Said Sierra Club's Duvall, "The striking thing isn't just that the energy/environment issue played a decisive role in these races, it's that it was used to bring an optimistic, inspirational message to an election year marked by lots of negative campaigning."
But some political analysts believe environmentalists are going overboard with their optimistic claims of political relevance. "I really don't think that energy or the environment played a defining role in this election," Amy Walter, a senior editor with the Cook Political Report, told Muckraker. "It was ultimately a referendum on the president, the president's party and the president's war.
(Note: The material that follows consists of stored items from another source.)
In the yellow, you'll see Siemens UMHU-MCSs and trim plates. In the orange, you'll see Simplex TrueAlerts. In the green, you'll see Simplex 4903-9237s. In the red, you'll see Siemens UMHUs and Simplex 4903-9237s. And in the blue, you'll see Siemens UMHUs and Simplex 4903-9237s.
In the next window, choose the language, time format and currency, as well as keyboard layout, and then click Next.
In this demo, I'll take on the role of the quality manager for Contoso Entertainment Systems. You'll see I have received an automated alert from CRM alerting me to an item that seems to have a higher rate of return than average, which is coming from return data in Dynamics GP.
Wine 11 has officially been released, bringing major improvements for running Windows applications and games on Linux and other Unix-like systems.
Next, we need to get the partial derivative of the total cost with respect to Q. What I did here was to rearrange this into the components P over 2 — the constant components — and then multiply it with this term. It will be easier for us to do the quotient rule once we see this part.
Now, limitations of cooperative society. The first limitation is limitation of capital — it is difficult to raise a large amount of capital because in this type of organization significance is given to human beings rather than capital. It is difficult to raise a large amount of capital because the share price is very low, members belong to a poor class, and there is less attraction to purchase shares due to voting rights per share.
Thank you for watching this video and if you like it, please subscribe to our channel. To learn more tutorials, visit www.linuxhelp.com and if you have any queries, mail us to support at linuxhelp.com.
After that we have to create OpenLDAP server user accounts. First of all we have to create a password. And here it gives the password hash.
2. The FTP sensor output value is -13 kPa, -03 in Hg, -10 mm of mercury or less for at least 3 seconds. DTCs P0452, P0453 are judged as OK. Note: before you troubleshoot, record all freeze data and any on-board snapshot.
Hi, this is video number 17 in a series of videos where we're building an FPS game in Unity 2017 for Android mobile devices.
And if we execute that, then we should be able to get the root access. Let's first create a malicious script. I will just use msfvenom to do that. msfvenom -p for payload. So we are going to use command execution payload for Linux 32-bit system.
It was a vote against the status quo rather than a vote for certain future goals. Does it mean that Democrats gave us a convincing blueprint for what they want to do with energy? No. Does it mean voters were saying we see a bright future in clean energy? No."
Ana Unruh Cohen of the Center for American Progress also thinks "it's a stretch to pin this election directly on environmental issues."
Cohen noted, however, that one of the most common themes among Democratic campaigns was eliminating subsidies for Big Oil. "Democrats were looking to speak to middle-class voters, and one of the best ways of spotlighting Republicans' favorable treatment of the wealthy is tax cuts for the richest 1 percent of America and oil subsidies for companies making record profits," she said. She also pointed to a recent Pew Research Center poll that found voters connecting the dots between oil use and national security; 67 percent said decreasing America's dependence on oil from the Middle East is a very important step in preventing terrorism. Said Cohen, "The environment was relevant in this election to the extent that it is inextricably connected to the issues that concerned voters most -- national security and the economy."
Whether or not environmentalists can legitimately take credit for any outcomes of the 2006 election, they have good reason to believe that the new political landscape will offer them some victories going forward. Soon-to-be House Speaker Nancy Pelosi, a Democrat from California, has named energy independence as one of her top priorities for the 110th Congress, along with repealing subsidies for oil companies and pushing energy efficiency and alternative fuels. President Bush -- perhaps trying to keep from getting steamrolled -- is now trying to seize the initiative on energy independence himself.
Said Karpinski, "Any way you slice it, we're looking at a tremendous growth of power among environmentally sympathetic leaders."